Tuesday 14 November 2006

Another Shia LaBeouf Interview

About.com has posted an interview with Shia LaBeouf. The topic of conversation is mostly about the upcoming movie "Bobby" but a little Transformers movie talk is on page four of the interview. Mostly it just deals with what a pain in the rear Shia felt making the movie was and working with Director Michael Bay.

Well, your next project is a huge studio film - Transformers

Shia LaBeouf: “Again, that’s exactly what that is. If anyone tells you they do that for the art value, that’s bulls**t. It’s f**king painful. To go from Emilio Estevez to Michael Bay is like walking out of, you know, like in a hammock in the sky, hanging out drinking Pina Coladas with Jesus and then getting smacked in the face and thrown in the devil’s s**pile and having to make a movie. I swear to God.”

It affected you that much?

Shia LaBeouf: “I was thinking about quitting this industry. And Michael Bay will tell you that. He’s so hard on his actors, and not in the way that Emilio might be, in that he’ll push you to be something better. Mike is just f**king a hard a**.”

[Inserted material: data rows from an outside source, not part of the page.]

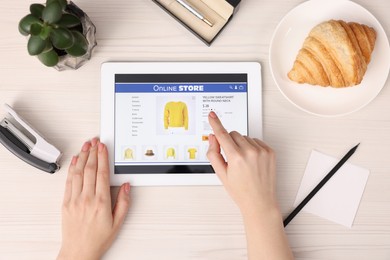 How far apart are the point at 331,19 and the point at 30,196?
62cm

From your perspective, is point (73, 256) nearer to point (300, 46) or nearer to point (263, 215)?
point (263, 215)

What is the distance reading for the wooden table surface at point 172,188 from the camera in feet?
2.33

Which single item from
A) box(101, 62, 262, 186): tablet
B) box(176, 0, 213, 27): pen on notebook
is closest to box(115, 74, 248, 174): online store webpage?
box(101, 62, 262, 186): tablet

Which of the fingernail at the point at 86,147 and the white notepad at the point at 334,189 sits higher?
the fingernail at the point at 86,147

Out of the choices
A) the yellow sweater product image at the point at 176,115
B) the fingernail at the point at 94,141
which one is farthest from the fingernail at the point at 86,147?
the yellow sweater product image at the point at 176,115

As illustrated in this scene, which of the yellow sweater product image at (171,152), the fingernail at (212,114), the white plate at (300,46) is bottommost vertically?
the yellow sweater product image at (171,152)

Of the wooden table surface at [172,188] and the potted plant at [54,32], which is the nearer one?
the potted plant at [54,32]

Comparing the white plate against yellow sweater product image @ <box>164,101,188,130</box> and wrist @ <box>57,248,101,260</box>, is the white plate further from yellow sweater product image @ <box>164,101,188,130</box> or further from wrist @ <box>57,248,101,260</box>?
wrist @ <box>57,248,101,260</box>

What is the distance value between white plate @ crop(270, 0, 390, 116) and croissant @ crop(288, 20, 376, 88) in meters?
0.03

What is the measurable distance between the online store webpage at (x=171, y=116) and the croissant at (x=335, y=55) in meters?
0.11

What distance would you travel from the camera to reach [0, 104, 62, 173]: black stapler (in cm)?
→ 69

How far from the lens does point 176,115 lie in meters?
0.72

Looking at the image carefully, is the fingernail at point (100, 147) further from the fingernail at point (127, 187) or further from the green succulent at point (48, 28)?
the green succulent at point (48, 28)

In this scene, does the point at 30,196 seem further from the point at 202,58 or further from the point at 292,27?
the point at 292,27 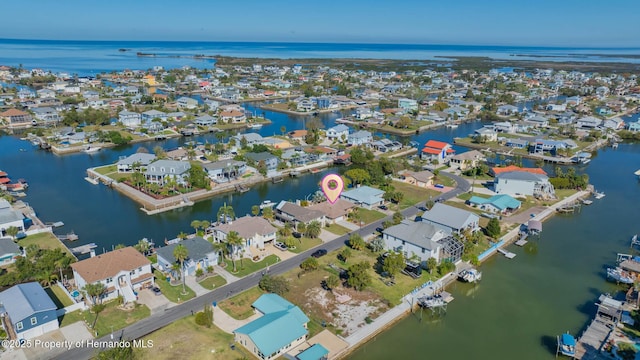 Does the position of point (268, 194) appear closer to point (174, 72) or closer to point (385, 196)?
point (385, 196)

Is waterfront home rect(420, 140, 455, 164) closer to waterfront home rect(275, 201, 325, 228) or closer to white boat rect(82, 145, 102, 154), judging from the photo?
waterfront home rect(275, 201, 325, 228)

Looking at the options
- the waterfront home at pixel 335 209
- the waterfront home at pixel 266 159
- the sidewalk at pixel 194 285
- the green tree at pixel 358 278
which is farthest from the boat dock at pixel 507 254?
the waterfront home at pixel 266 159

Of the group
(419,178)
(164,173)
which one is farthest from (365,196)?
(164,173)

Why didn’t you walk off the set?

Shia LaBeouf: “Because it was too important to my career.”

You’ll never do that again.

Shia LaBeouf: “I mean, until 2 and 3. But just… Look, the four, five months of pain I went through might buy my mom a house and that’s forever, so I’m all right. People go to f**king war, it’s not like I have a hard job. I’m an actor. It’s not the worst thing. We’re sitting at a pool, I didn’t pay for those shoes, I didn’t pay for this. It’s not a bad life, and for a guy that didn’t have s**t going on. There’s certain pains; it’s a tradeoff like anything. There’s things you don’t want to do in your industry.”

Brian Geraghty: “If it’s important to you, it’s going to be painful. I feel sh**ty complaining sometimes, but I complain because I strive to do films like Bobby. You get the perfect situation and then it goes away. …And all these movies now, I never really felt I could believe in myself and not hold myself back. Bobby is definitely a validation. You need reinforcement in life. You show up to an office every day, I wouldn’t like to do that, but yet, you get feedback. You’re going three months without a job go into a dark hole where you get off Transformers and go to the spiral that Shia had…”

Shia LaBeouf: “You get lost in a f**king weird depression, man.”

How did you survive Transformers?

Shia LaBeouf: “I barely made it out of that movie. I was going to a heart specialist; I was having anxiety attacks, losing my mind. And you know, you’re doing physical s**t all day. It’s tough, man. And even Mike at the end, he was like, ‘Look, I know I’m hard on you but you’ll never get this again. If you can go through this with me, you can do anything.’ Sort of like the whole, ‘If you can live in New York you can live anywhere,” type thing. Whatever doesn’t kill you.”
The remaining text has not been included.